Each CLS participant spends eight to 10 weeks gaining a year’s worth of language study in one of 24 locations, studying Arabic, Azerbaijani, Bangla, Chinese, Hindi, Indonesian, Japanese, Korean, Persian, Punjabi, Russian, Swahili, Turkish or Urdu. CLS Program participants are expected to continue their language study beyond the scholarship and apply their critical language skills in their future professional careers.
LoBue will study Swahili in Arusha, Tanzania. He received a B.A. in cultural anthropology from Boston University and an M.A. in near Eastern studies from New York University, and is currently pursuing a Ph.D. in history at Illinois. LoBue studies radical political and social movements in East Africa and their connections to regional and global activist and ideological networks, with a focus on print cultures and the politics of print production and circulation. His goal upon completing his doctoral studies is to become a professor of history at a research university.
Peruski will study Swahili in Kenya and Tanzania. She earned a B.A. in art history, near Eastern languages and cultures, and liberal arts and management from Indiana University. After receiving a master’s degree in Islamic art and architecture from the American University of Cairo, she worked at the Art Institute of Chicago as a research associate in Islamic art. Peruski recently began her doctoral studies in art history at Illinois, with a focus on Indian Ocean and East African Islamic art. She anticipates a curatorial or professorial career.
Witthoff, who just completed her freshman year in the Division of General Studies, will further her Hindi language skills in Jaipur, India. She previously spent 10 months as a high school exchange student in Gujarat, India, through the Kennedy-Lugar Youth Exchange and Study Program sponsored by the State Department. She then began formal training in Hindi as a student at Illinois. Witthoff aspires to teach English in India.

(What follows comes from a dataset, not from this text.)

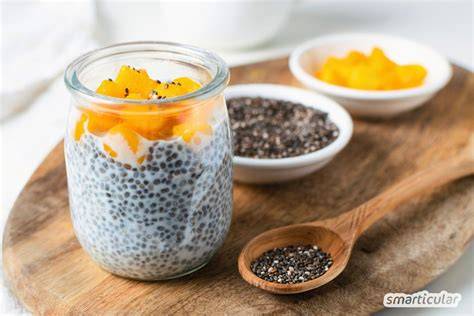 Verschiedene Chia Pudding Varianten in Gläsern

CLS Program participants are among the more than 50,000 academic and professional exchange program participants supported annually by the U.S. Department of State’s Bureau of Educational and Cultural Affairs. The CLS Program specifically encourages students from diverse backgrounds and academic majors to apply. These exchange programs build relations and respect between the people of the United States and the people of other countries. The CLS Program is administered by American Councils for International Education.